MATLAB: Slow Execution of Parfor Loops due to Communication Overhead: Load static data into worker workspace memory

Parallel Computing Toolboxparforworker object wrapperwrapper

For my research, I require near realtime execution of a large number (>1000) of matrix-vector multiplications of the form A*x with A a medium scale matrix (e.g. 150×150). These matrices are constructed in an extremely expensive operation (takes hours to complete), and saved in a static data structure (MatSet in the example below). This static data structure is used by all workers, and is not modified after creation.
When I run the code, which is equivalent to the code below, I find that the PARFOR loop is more than 10 times slower than the FOR loop in Matlab 2010b. This is caused by a constant transfer of data (MatSet in this case) between workers.
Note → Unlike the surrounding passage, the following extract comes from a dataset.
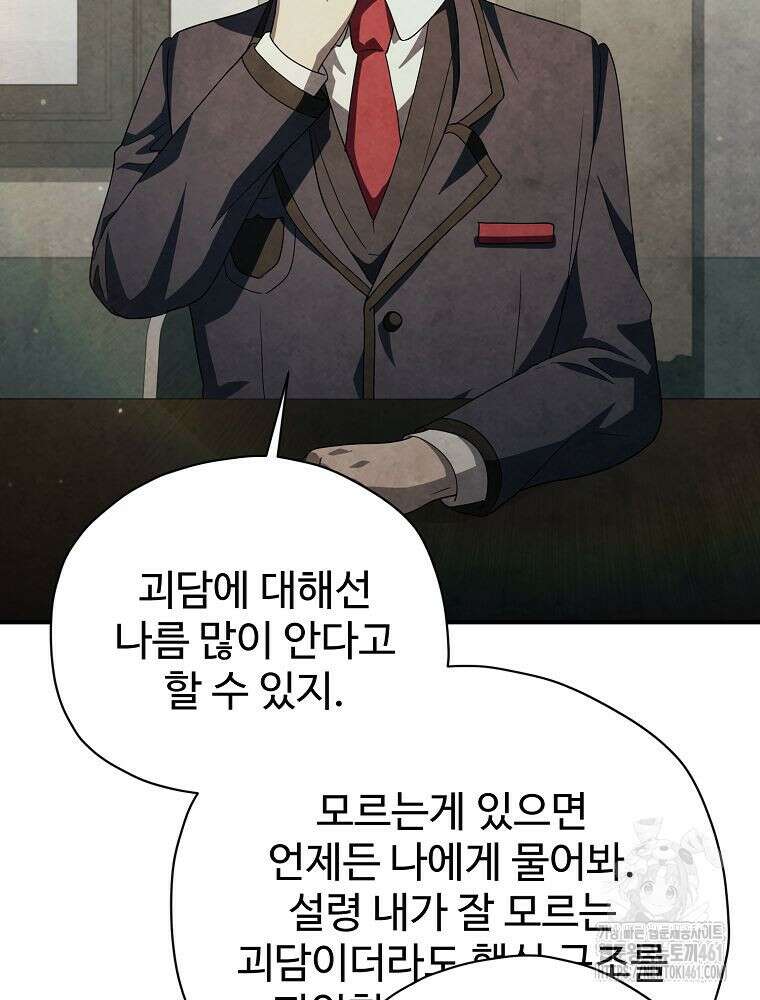괴담 동아리 35화 6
In my case, however, this data transfer is completely unnecessary as MatSet is a read-only dataset!
My question is whether there is some way of loading a STATIC dataset into the workspace of the workers so as to prevent unnecessary communication overhead between workers? Is it possible to do this without having to load data from disk?
Here is the demo code:
matlabpool(2); % init 2 worker threads
Msize = 150; Nloop = 1000;
c1 = zeros(Msize, Nloop); c2 = zeros(Msize, Nloop);
% parallel initialization loop
MatSet = cell(Nloop, 1);
parfor i=1:Nloop
MatSet{i} = rand(Msize); % simulates expensive code operation
end
% real-time parallel loop (SLOW!)
tic;
parfor i=1:Nloop
c1(:,i) = MatSet{i} * rand(Msize, 1);
end
time1 = toc;
% real-time serial loop (for comparison)
tic;
for i=1:Nloop
c2(:,i) = MatSet{i} * rand(Msize, 1);
end
time2 = toc;
fprintf('Parallel time: %2.4f ms, Serial Time: %2.4f ms\n', 1000*time1,1000*time2);
matlabpool close;
Any comments are appreciated,
Coen

Best Answer

You might be able to take advantage of my Worker Object Wrapper which is designed to help set up this sort of static data to be used on workers.